In Somalia and many other places, the fragility landscape in the world has become more complex since violent conflicts spiked dramatically since 2010. Conflicts drive 80 percent of all humanitarian needs, while reducing Gross Domestic Product (GDP) growth by two percent per year, on average. In our response to crisis- and conflict-affected areas, the World Bank Group is not and cannot be in business-as-usual mode.
The World Bank Group is responding differently to this crisis. We are leveraging innovative operational linkages with UN agencies and non-state actors to deliver support in the most-affected areas. Through innovative financing windows, such as the global crisis response platform, we are able to mobilize quickly relatively large amounts of resources to help bridge the humanitarian-development-peace divide to serve those most in need.

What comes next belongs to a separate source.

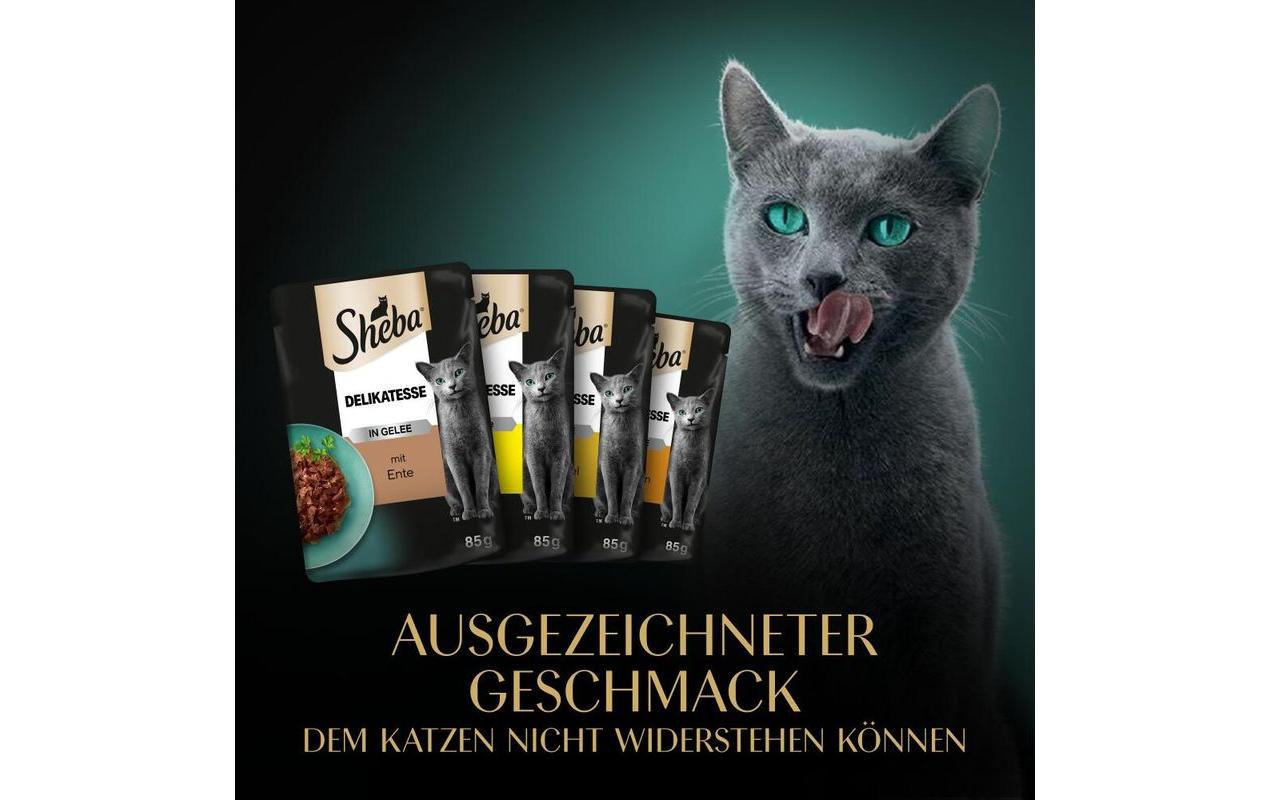 Sheba Nassfutter Delikatesse Gelee Geflügel Variation, 12 x 85g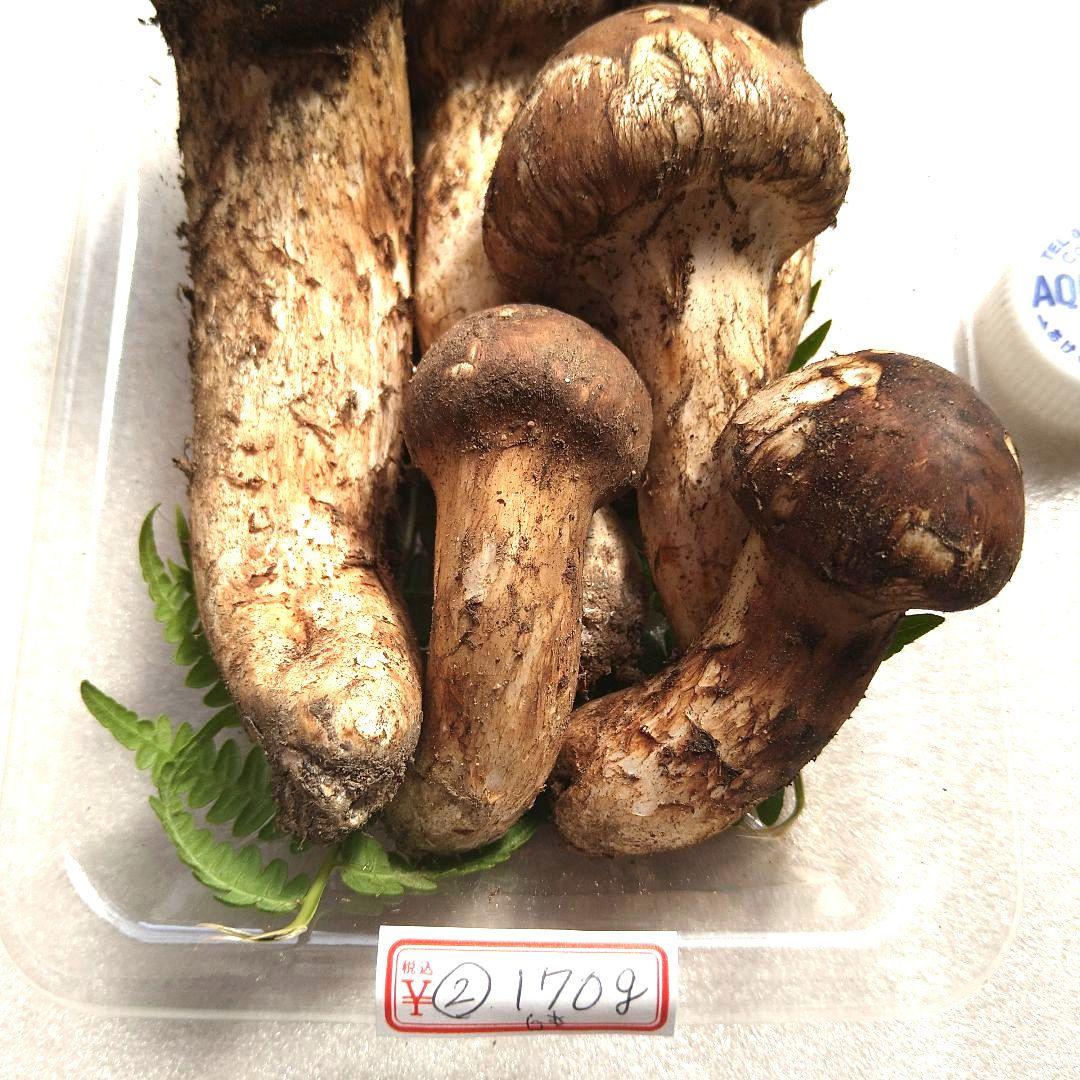 南信州産松茸170g（パック込み）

A good example is the recently approved US$50 million Somalia Emergency Drought Response and Recovery Project (SEDRP), leveraging an unprecedented partnership agreement with the International Committee of the Red Cross (ICRC). Using its comparative advantage, ICRC will address the immediate needs of the drought-affected people in Somalia, and support resilient recovery through the provision of livelihood opportunities and the restoration of agricultural and pastoral production.
The project will support resilient recovery through the provision of livelihood opportunities and the restoration of agricultural and pastoral production.
These multiple crises highlight the importance of prevention in a time of uncertainty, risks, and shocks. The joint partnership framework signed this past April by World Bank Group President Jim Yong Kim and UN Secretary-General António Guterres “focuses on building resilience for the most vulnerable people by reducing poverty, promoting shared prosperity, enhancing food security, and sustaining peace in crisis-affected situations.”
The framework, was signed “in response to global calls for our institutions to work more closely together on prevention and reducing needs, risks, and vulnerability as the world faces a spike in violent conflict.”
As an institution we will be working with our partners at the country, regional, and global level to respond to food insecurity felt by millions of people, to help prevent famine, and respond to other crises.
This strong engagement and collaboration with our partners in the humanitarian-development nexus -- through projects, collaboration and financing, as well as long-term policy shifts -- will help us to establish solid partnerships as countries transition to a more peaceful, stable, and prosperous future.